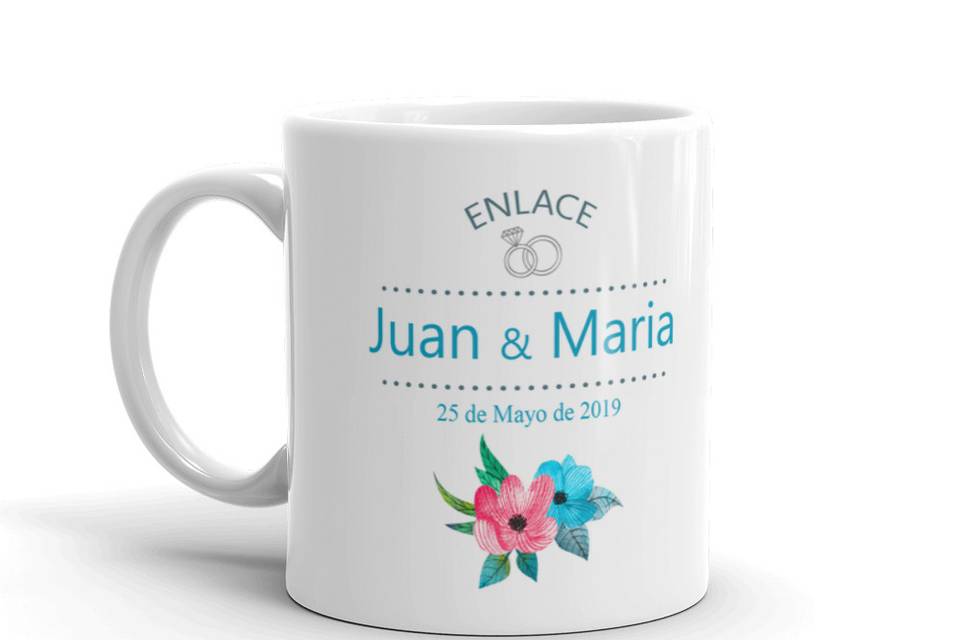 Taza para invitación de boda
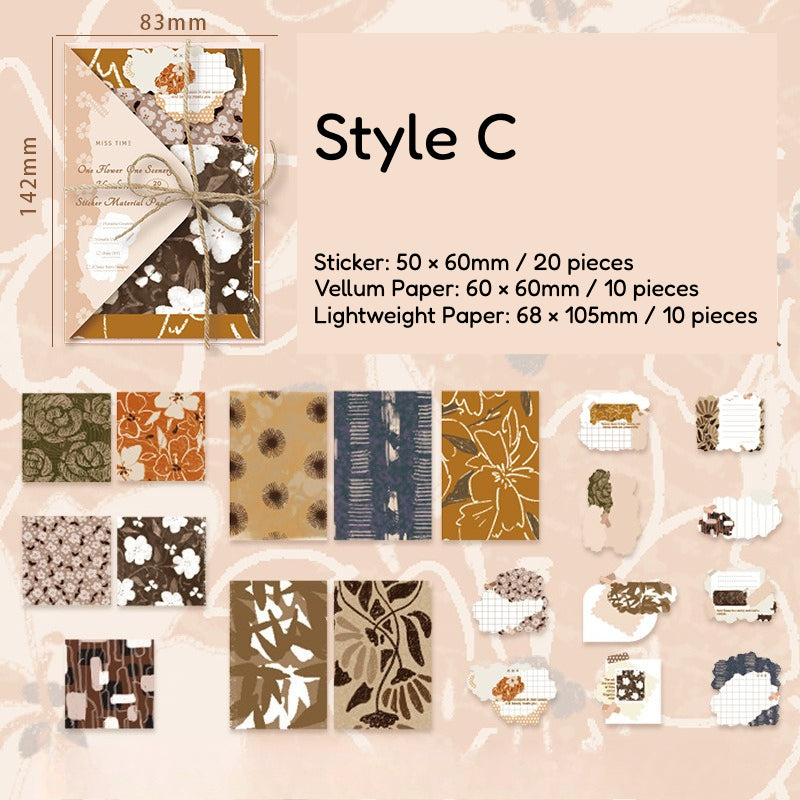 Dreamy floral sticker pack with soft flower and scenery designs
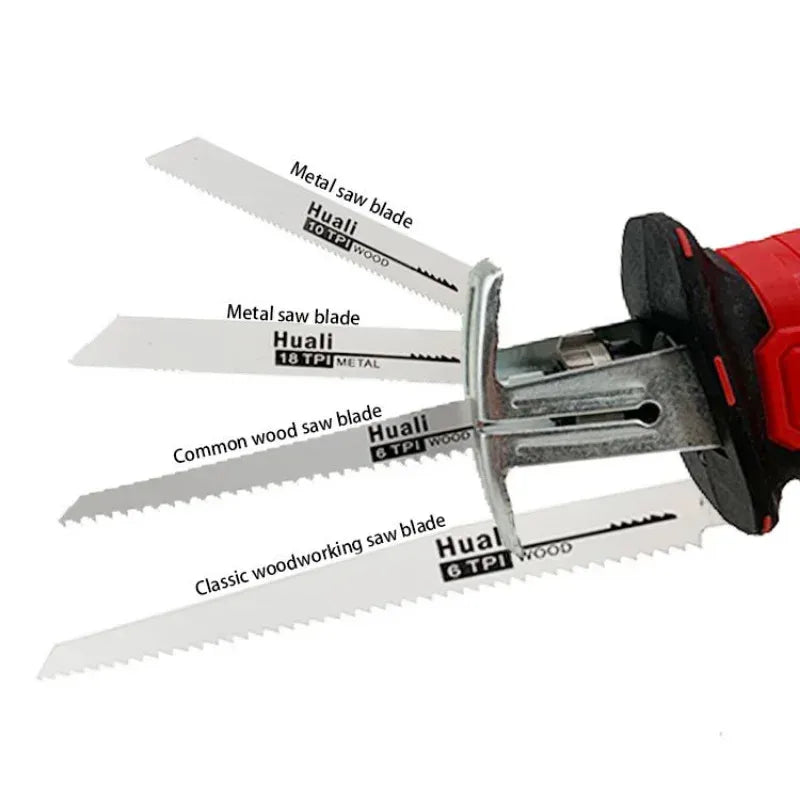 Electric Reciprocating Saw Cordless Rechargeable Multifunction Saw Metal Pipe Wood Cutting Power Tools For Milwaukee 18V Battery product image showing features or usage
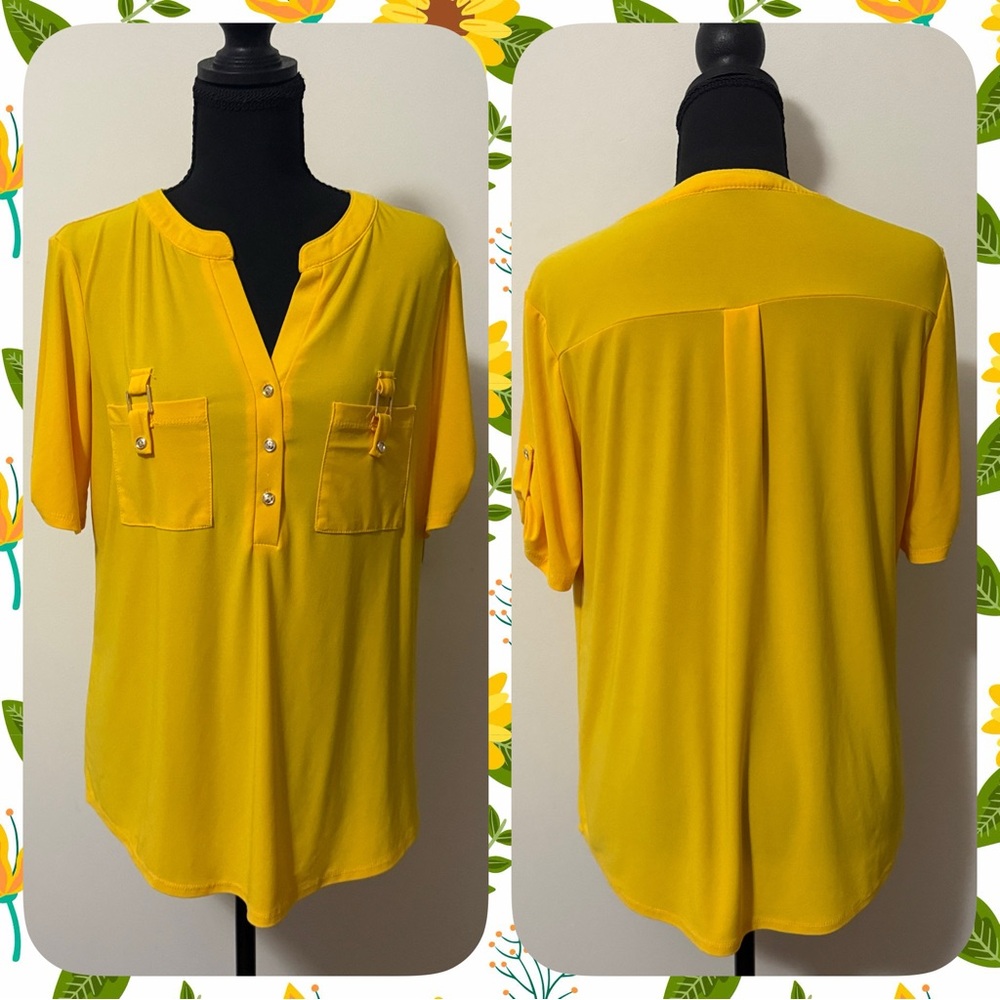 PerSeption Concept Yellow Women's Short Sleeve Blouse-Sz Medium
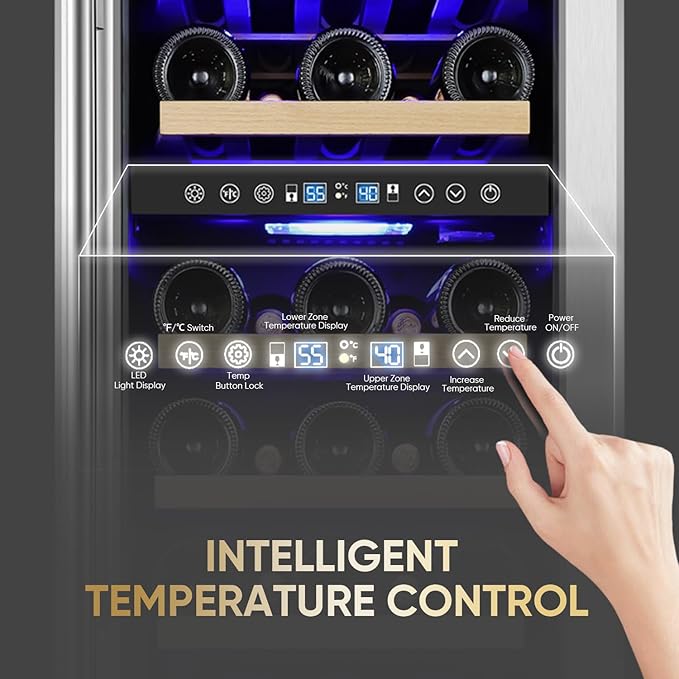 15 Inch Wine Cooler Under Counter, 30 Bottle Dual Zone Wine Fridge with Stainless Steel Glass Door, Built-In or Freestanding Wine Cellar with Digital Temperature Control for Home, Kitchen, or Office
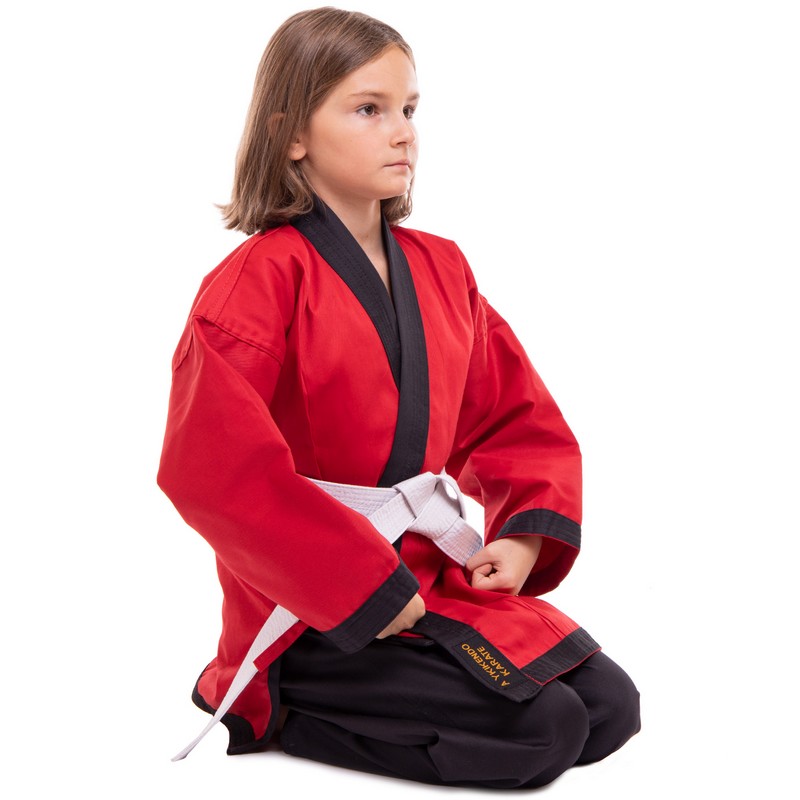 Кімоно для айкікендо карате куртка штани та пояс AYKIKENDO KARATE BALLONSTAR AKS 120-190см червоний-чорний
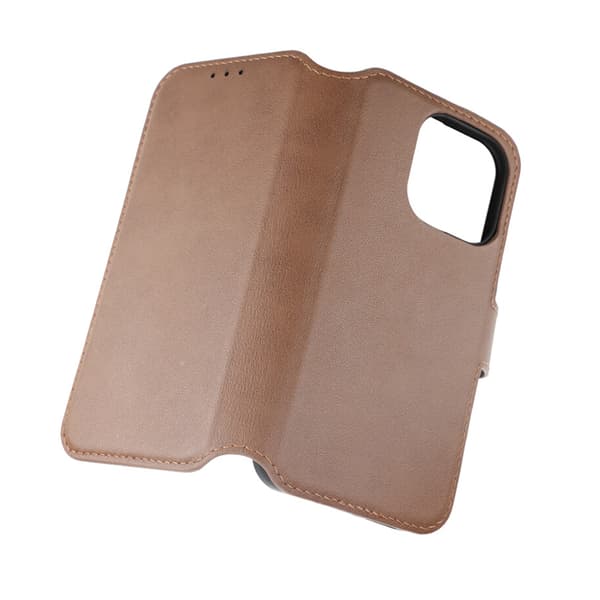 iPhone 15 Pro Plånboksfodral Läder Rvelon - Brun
+===+
◆ Task item
Copy every line above word for word and exclude the pictures.

◆ Completed exercise
 Taza para invitación de boda
 Dreamy floral sticker pack with soft flower and scenery designs
 Electric Reciprocating Saw Cordless Rechargeable Multifunction Saw Metal Pipe Wood Cutting Power Tools For Milwaukee 18V Battery product image showing features or usage
 PerSeption Concept Yellow Women's Short Sleeve Blouse-Sz Medium
 15 Inch Wine Cooler Under Counter, 30 Bottle Dual Zone Wine Fridge with Stainless Steel Glass Door, Built-In or Freestanding Wine Cellar with Digital Temperature Control for Home, Kitchen, or Office
 Кімоно для айкікендо карате куртка штани та пояс AYKIKENDO KARATE BALLONSTAR AKS 120-190см червоний-чорний
 iPhone 15 Pro Plånboksfodral Läder Rvelon - Brun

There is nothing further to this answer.